Peter Hickmott isn't a good ref?



			https://m.facebook.com/PeteTheBullHickmottMmaRef/


----------



## MTguy (Jun 24, 2022)

From that fight, he doesn't know how to ref muay thai. Those clinches were horrible and would have been broken up by a ref who understood his job in as a referee regarding the clinch. Watch the examples of Thais and the clinch.


----------



## drop bear (Jun 24, 2022)

MTguy said:


> From that fight, he doesn't know how to ref muay thai. Those clinches were horrible and would have been broken up by a ref who understood his job in as a referee regarding the clinch. Watch the examples of Thais and the clinch.



See I would have said that being inactive in the clinch would get you broken up rather than being horrible. (But I will hunt down the rules and have a look.)

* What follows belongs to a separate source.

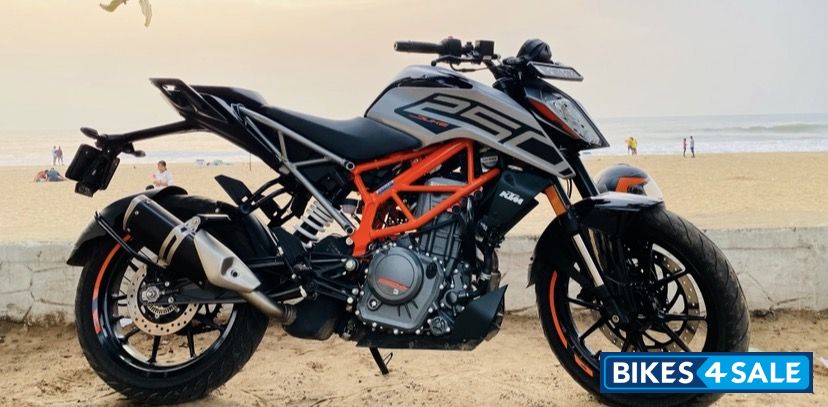 KTM Duke 250 2022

Which throws exactly were illegal?


----------



## MTguy (Jun 25, 2022)

The ref is a MMA ref so clinching to him means a wrestling based form of clinching. A typical MMA mentality is I'll just clinch him so he can't hit me then throw him. In the first and third round he simply held the guy in the corner for way too long. The idea is action of clinch technique. Your coach definitely put the guy down. What I'm saying is this. The 'Thai boxer' looks like his first time out and your coach has training fighting experience from MMA but it was a sloppy and embarassing performance for the Thai boxer and the ref. My problem isn't with you or your coach or the novice thai boxer getting pummelled but you can't fight or train MMA for Muay Thai. Our level here is so low that anything with leg kicks and 'clinching' is called a muay thai fight. 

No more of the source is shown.